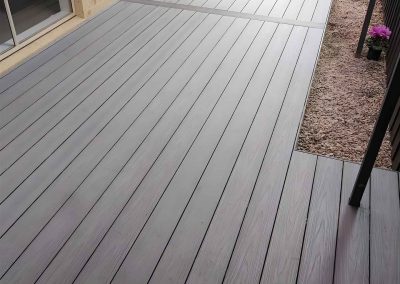 Grey composite decking along the side of a brick house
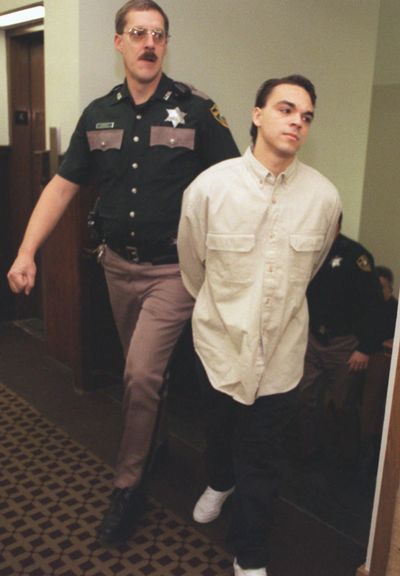 Spokane Sheriff Deputy Dave Reagan escorts 18-year-old Kevin Boot to court in January 1996. Boot appeared before Judge Tari Eitzen on charges stemming from the murder of Felicia Reese. Christopher Anderson photo. (SR)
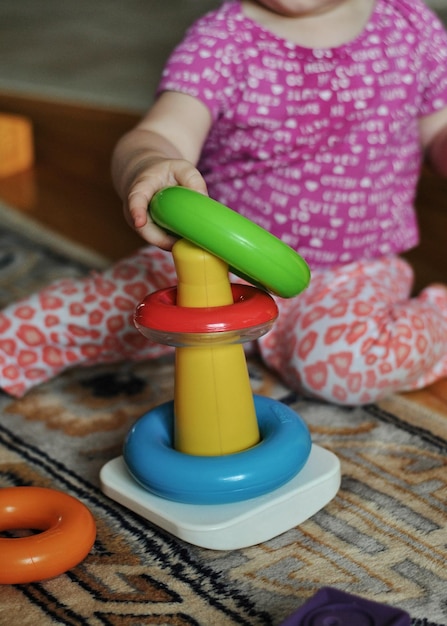 Weibliches Kleinkind sitzt auf dem Boden des Wohnzimmers und spielt mit Spielzeugbauringen. Kleinkind-Stapelringe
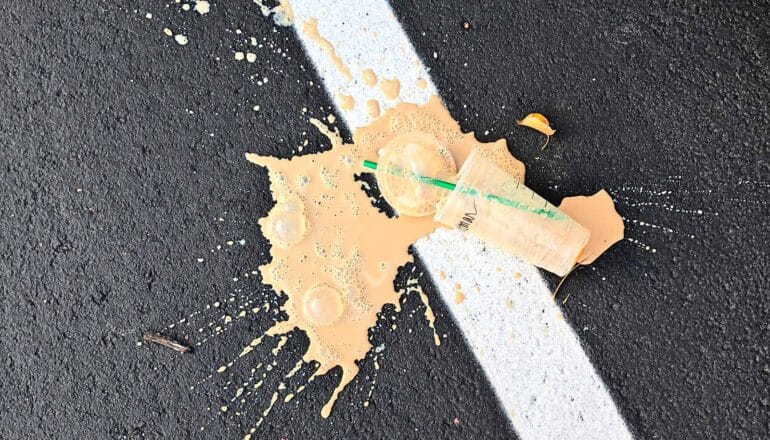 ice coffee spilled on pavement with white stripe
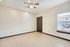 Bright living room with elegant tile flooring, modern ceiling fan, and large window inviting natural light.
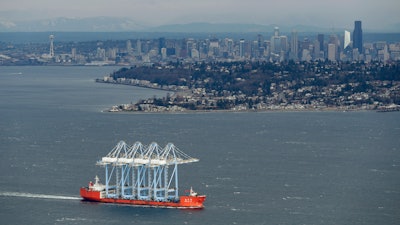 In this Feb. 23, 2018, file photo, a ship carrying four of the West Coast's largest container cranes passes through Puget Sound.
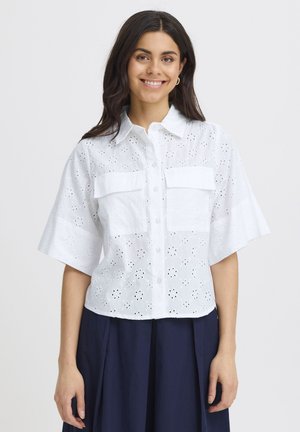 Tânără zâmbitoare, purtând o cămașă albă cu mânecă scurtă, decorată cu găurele și cu buzunare pe piept, și o fustă bleumarin, pe un fundal simplu.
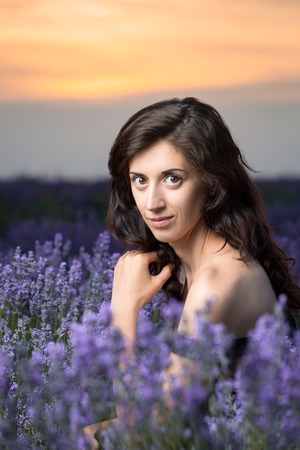 Portrait of a beautiful brunette in a black dress in a lavender field. Sunset in the background. Vertically framed shot.の写真素材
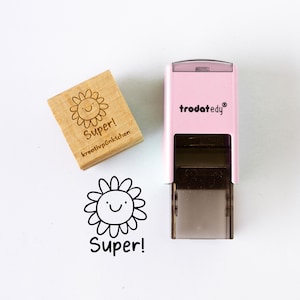 May include: A wooden stamp and a pink self-inking stamp with a smiling sunflower design and the word "Super!" in black. The wooden stamp also includes the text "kreativp&uuml;nktchen". The self-inking stamp has the brand name "trodatedy" in white.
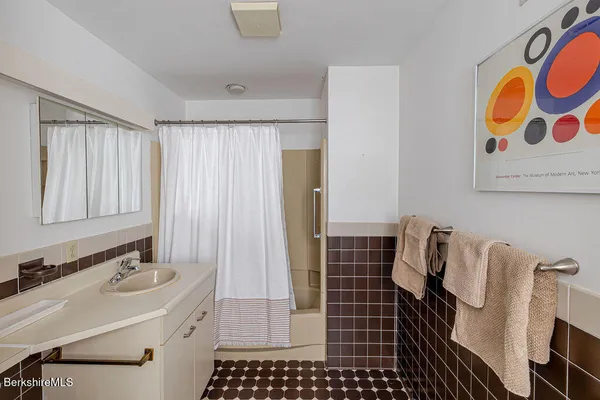 a view of a bench in wooden floor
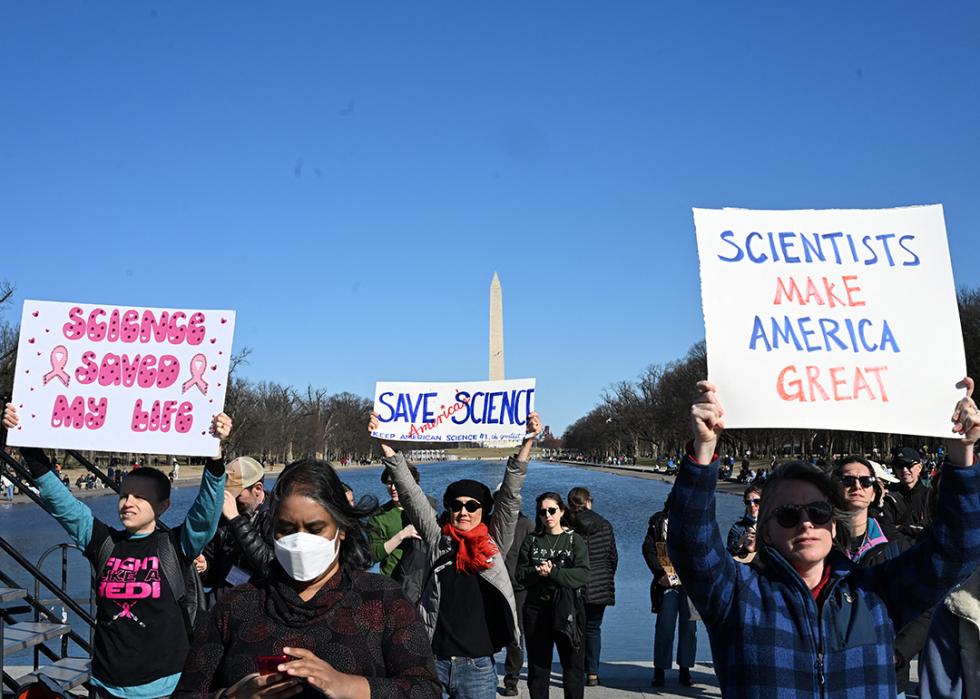 Demonstrators hold up signs during the "Stand Up For Science" rally at the Lincoln Memorial in Washington, D.C., on March 7, 2025.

= = = =

[WHAT YOU NEED TO DO]
Print only the lines running from the line that contains "ice coffee spilled" to the final line of the listing, both included. Omit every picture.

[EXPECTED ANSWER]
 ice coffee spilled on pavement with white stripe
 Bright living room with elegant tile flooring, modern ceiling fan, and large window inviting natural light.
 In this Feb. 23, 2018, file photo, a ship carrying four of the West Coast's largest container cranes passes through Puget Sound.
 Tânără zâmbitoare, purtând o cămașă albă cu mânecă scurtă, decorată cu găurele și cu buzunare pe piept, și o fustă bleumarin, pe un fundal simplu.
 Portrait of a beautiful brunette in a black dress in a lavender field. Sunset in the background. Vertically framed shot.の写真素材
 May include: A wooden stamp and a pink self-inking stamp with a smiling sunflower design and the word "Super!" in black. The wooden stamp also includes the text "kreativp&uuml;nktchen". The self-inking stamp has the brand name "trodatedy" in white.
 a view of a bench in wooden floor
 Demonstrators hold up signs during the "Stand Up For Science" rally at the Lincoln Memorial in Washington, D.C., on March 7, 2025.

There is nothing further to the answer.